Oberhalb von Blatten ist der Berg in Bewegung. Nach einem Murgang haben einige Einwohner ihre Häuser bereits am Wochenende verlassen. Nun muss das ganze Dorf weg.
lia./wek. Es blieb lediglich eine halbe Stunde Zeit. In Blatten im Walliser Lötschental musste am Montagmorgen plötzlich alles schnell gehen. «Möglichst das Nötigste packen und sofort die Häuser räumen», teilte die Behörde um kurz nach 9 Uhr 30 über die Plattform Alertswiss mit. Bis um 10 Uhr musste sich die Bevölkerung in der Mehrzweckhalle einfinden. Dort folgten weitere Informationen durch den Gemeinderat. Und die waren einschneidend: Alle Bewohner von Blatten müssen weg, und zwar schnell. Schon bis um 11 Uhr 30 mussten sie das Dorf verlassen.

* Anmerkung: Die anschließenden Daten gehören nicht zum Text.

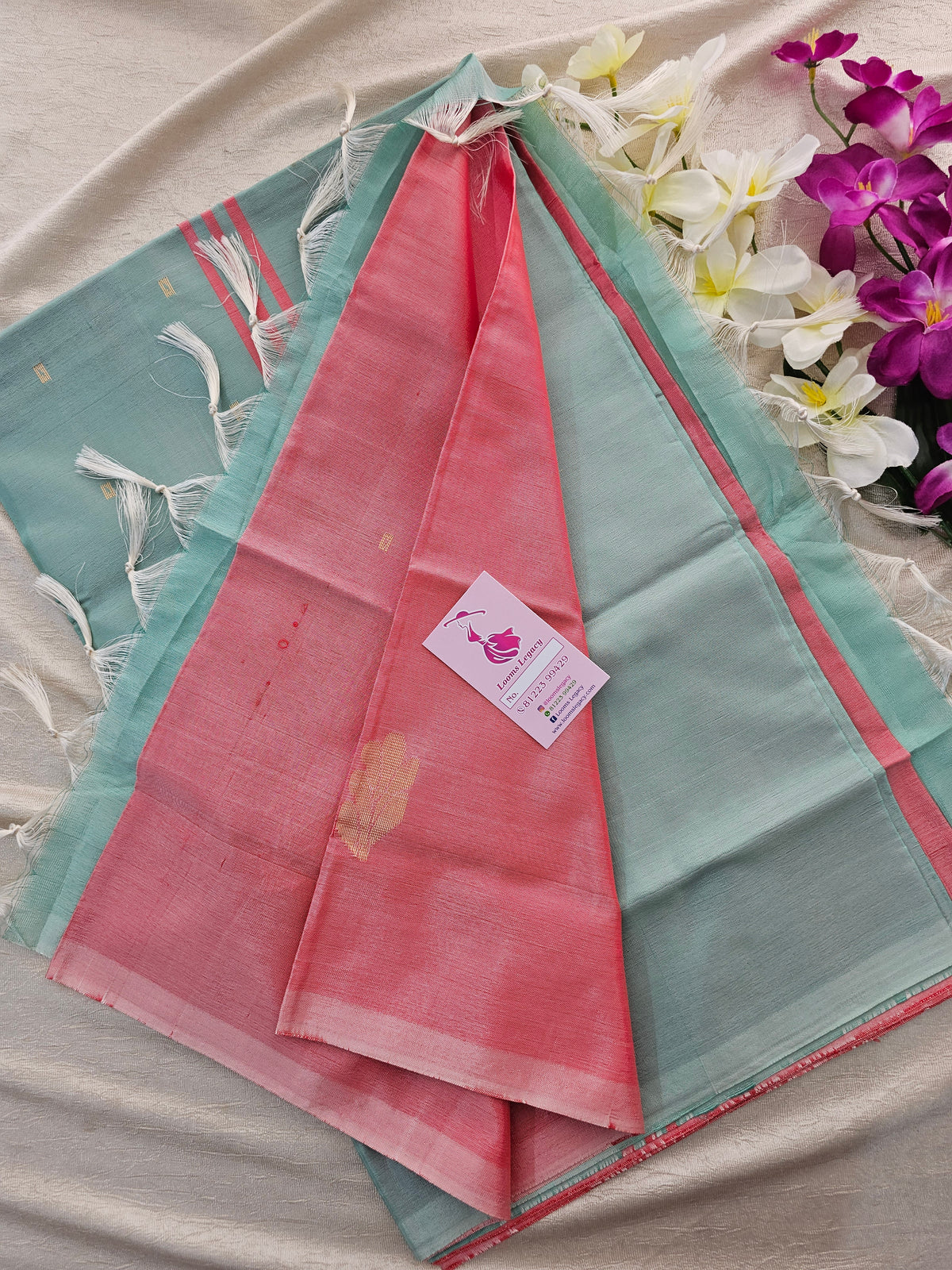 Pink with Sea Green Handwoven Chinnalampattu Saree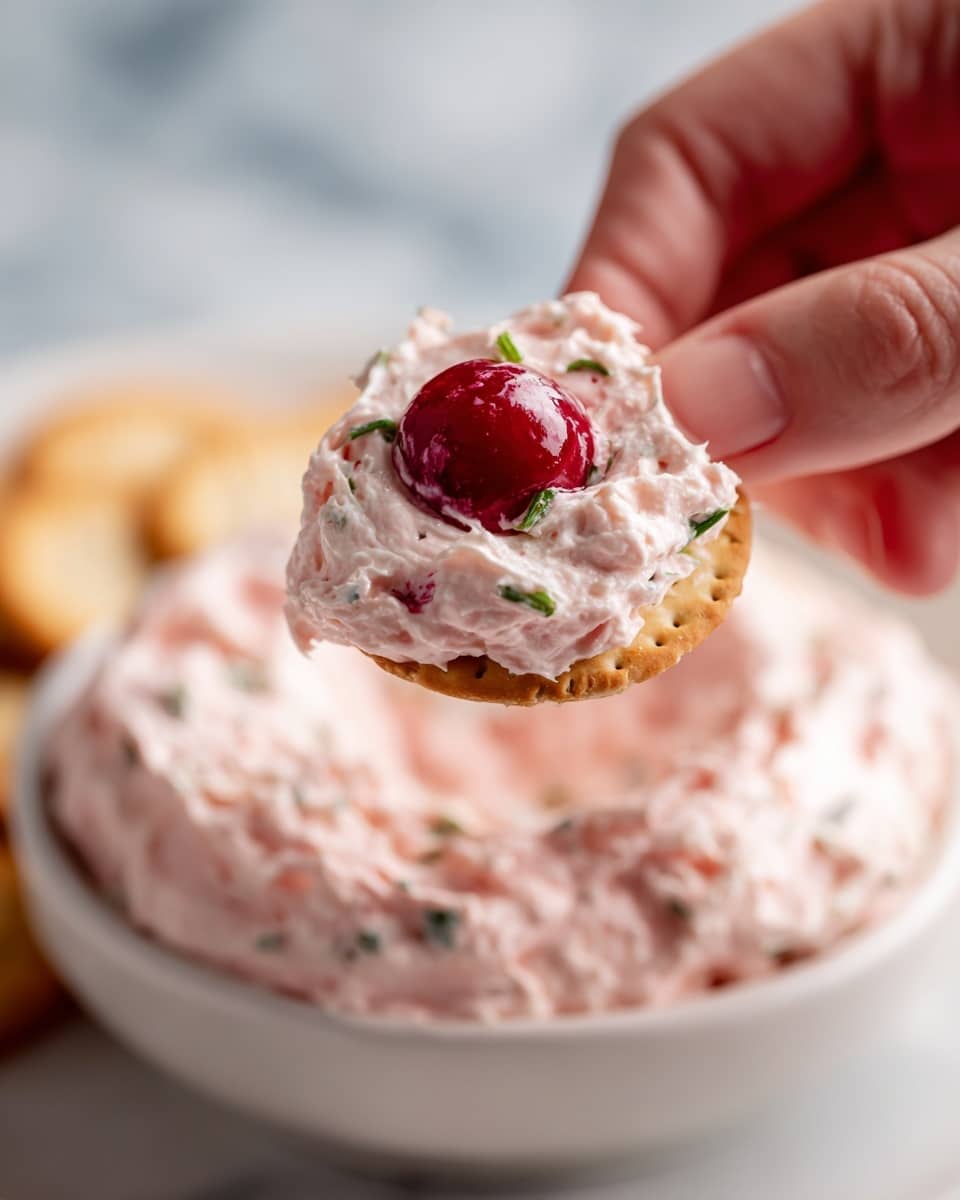 A close-up image shows a woman's hand holding a small round cracker that is covered with a thick, creamy pink dip. The dip has a smooth, slightly chunky texture and contains small bits of green herbs mixed in. There is one prominent red cherry or berry piece sitting on top of the dip. The background shows a white dish filled with more of the same pink dip, resting on a white marbled surface. The photo taken with an iphone --ar 4:5 --v 7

Matthias Ebener, der Informationschef des Führungsstabes, sagte zu SRF: «Die Lage ist sehr akut. Es ist allen klar, dass der Felssturz kurz bevorsteht.» Der Evakuationsaufruf gilt für etwa 300 Personen. Die Einwohner der beiden Weiler Wyssenried und Eisten sind davon nicht betroffen, sie können in ihren Häusern bleiben.
In Blatten hat sich die Situation in den vergangenen Tagen zugespitzt. Der Berg ist in Bewegung, es kommt zu Felsabstürzen – und es droht einmal mehr ein Bergsturz. Blatten ist das hinterste Dorf im Lötschental und liegt auf 1540 Meter über dem Meer.
Hoch oben im Gebirge hat sich vermehrt Gestein gelöst. Beim Kleinen Nesthorn – auf über 3000 Metern über Meer – sind Felsen auf den Birchgletscher gestürzt und haben einen Teil des Gletschers mitgerissen. Das löste einen Murgang aus, 30 000 Kubikmeter Gestein rutschten in Richtung Tal und kamen 500 Meter oberhalb des Flusses Lonza ausserhalb des Dorfes zum Stillstand. Schon am Samstagabend mussten deshalb 92 Bewohner von Blatten evakuiert werden. Nun hat sich die Gefahr nochmals verschärft.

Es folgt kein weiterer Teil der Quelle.